Khalid was the serving IGP at the time Koh, Amri and couple Joshua and Ruth Hilmy, who are Christian preachers, disappeared. ― Picture by Yusof Mat Isa
Khalid was the serving IGP at the time Koh, Amri and couple Joshua and Ruth Hilmy, who are Christian preachers, disappeared. ― Picture by Yusof Mat Isa

KUALA LUMPUR, April 3 — Former Inspector-General of Police (IGP) Tan Sri Khalid Abu Bakar today said he stood by his testimony to the Malaysian Human Rights Commission (Suhakam) on the disappearance of Pastor Raymond Koh and activist Amri Che Mat.

"I have given my statement during the inquiry, and that stands.

"I have nothing further to say," Khalid told Malay Mail when asked to comment on the findings of Suhakam’s inquiry into the missing men.
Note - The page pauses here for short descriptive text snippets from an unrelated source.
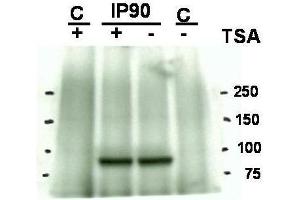 Western blot using  Affinity Purified anti-Hsp90 acetyl K294 antibody shows detection of a band at ~90 kDa corresponding to Hsp90 in an SkBr3 cell lysate (arrowhead) after treatment with Trichostatin A (an HDAC inhibitor). (HSP90 antibody  (Lys294))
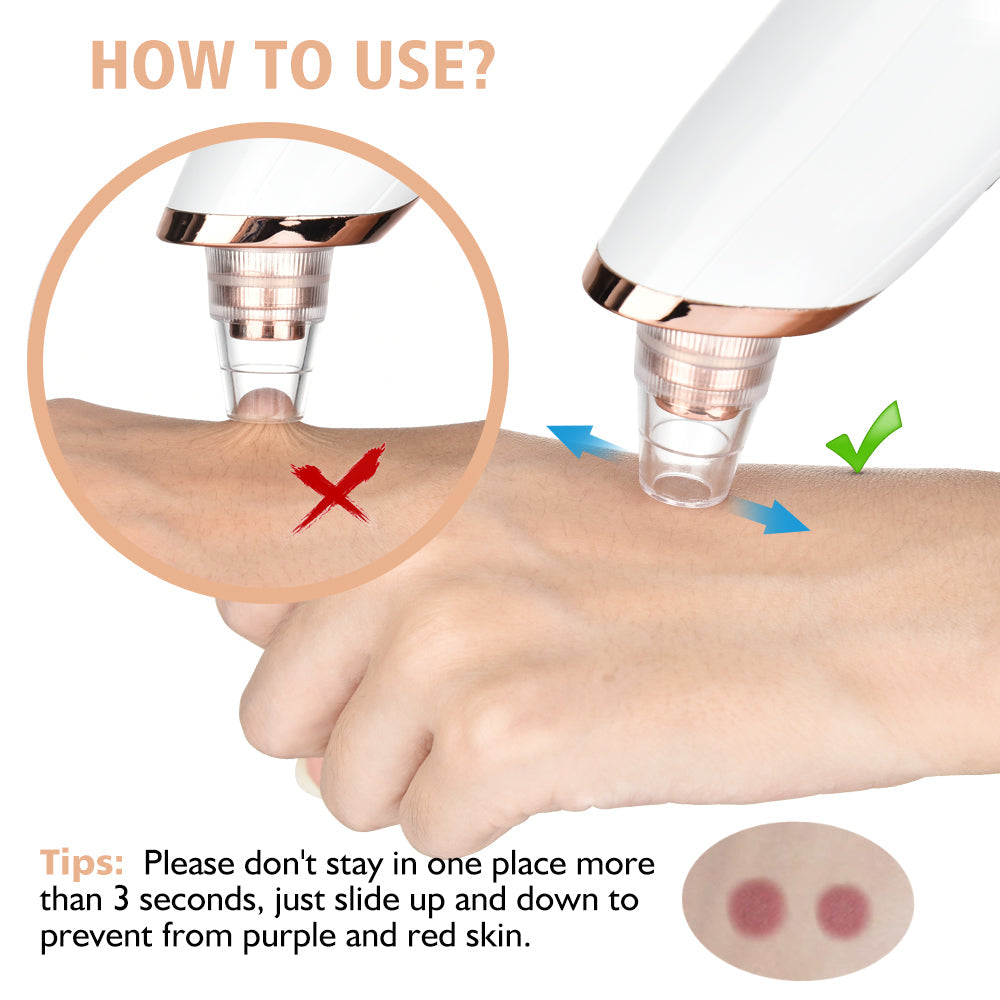 5 in 1 Blackhead Vacuum Cleaner β Instantly Remove Blackheads at Home
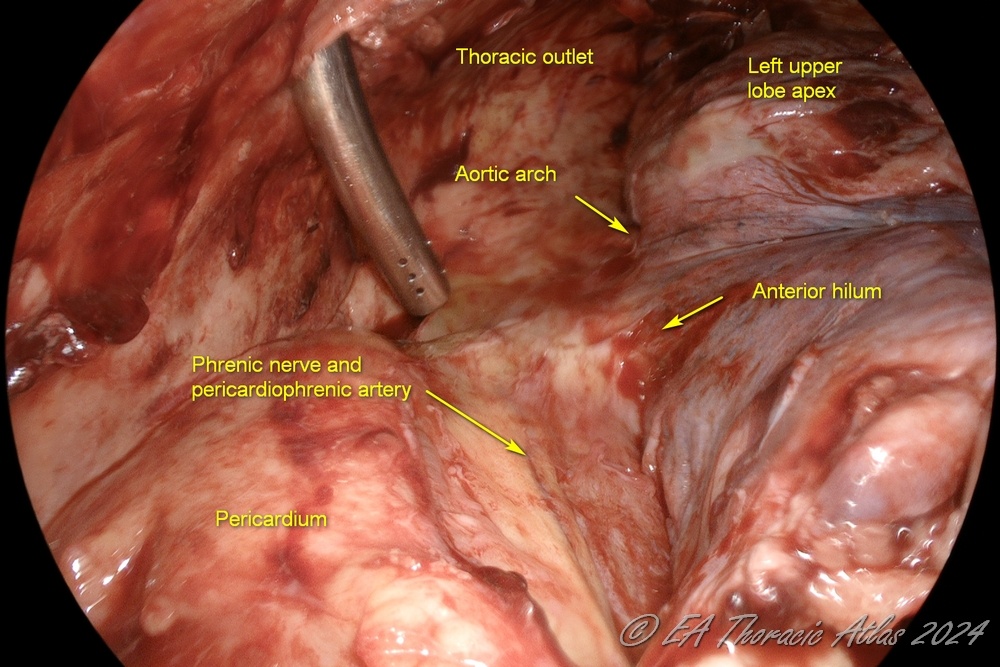 Anterior hilum is completely exposed and cleaned during VATS empyema drainage and decortication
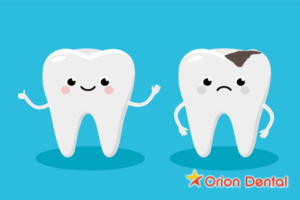 Orion Dental :: Cartoon image of tooth decay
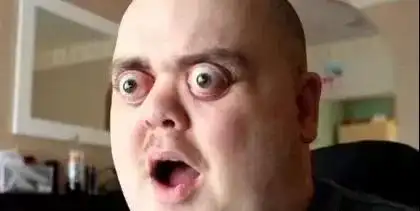 铜仁八中学生长期戴眼镜会让眼睛变形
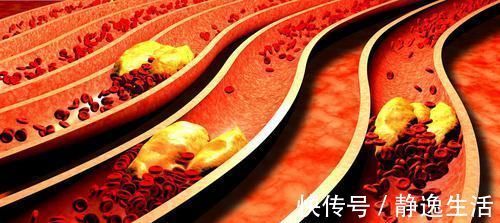 胆固醇|伤血管的“家常菜”已公布,提醒:血脂高的人,早点拉入黑名单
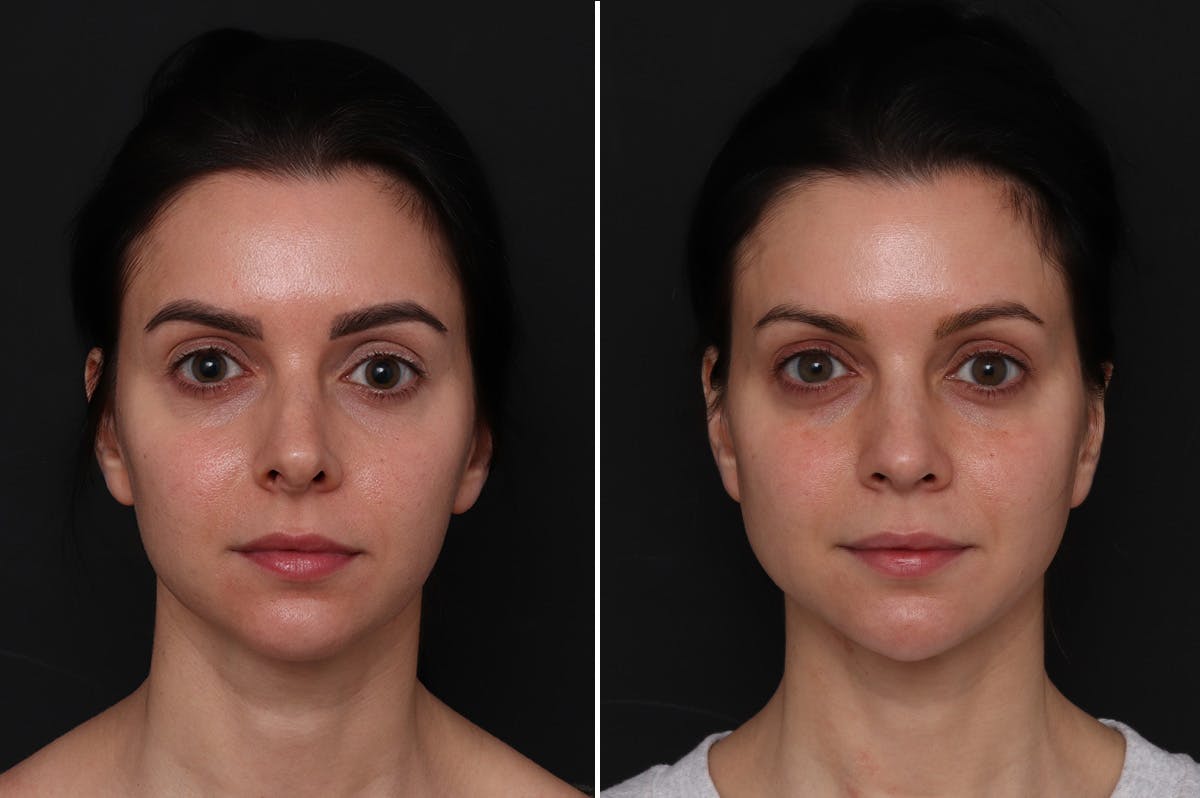 Revision Rhinoplasty Before & After Gallery - Patient 596596 - Image 2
Suhakam concluded today that the abductions of pastor Koh and Amri were enforced disappearance with the likely involvement of state agents such as the police’s Special Branch.

In July 2017, The Star reported Khalid telling reporters at a police event, that Koh may have been abducted by a southern Thai human trafficking syndicate.

On Perlis Hope founder Amri, Khalid reportedly said that he was not aware of the case and only learnt about Amri's disappearance via news reports.

Khalid was the serving IGP at the time Koh, Amri and couple Joshua and Ruth Hilmy, who are Christian preachers, disappeared.

He was appointed as the nation's 10th IGP in May 2013 and retired in 2017.

Following its inquiry, Suhakam concluded today that the abductions of pastor Koh and Amri were enforced disappearance with the likely involvement of state agents such as the police’s Special Branch.

Amri was abducted in late 2016 while Koh was taken in early 2017.

The current IGP, Tan Sri Mohamad Fuzi Harun, was Bukit Aman’s Special Branch director in 2017, before succeeding Khalid on September 4 of the same year.

After Suhakam released its findings, Mohamad Fuzi said that he will only respond to its claim of police involvement after viewing its findings.

Speaking to Malay Mail in Johor, he assured the public that he will provide an answer but said it was premature to comment without seeing the inquiry findings in detail.

Mohamad Fuzi is due for mandatory retirement in May, after 35 years in the force.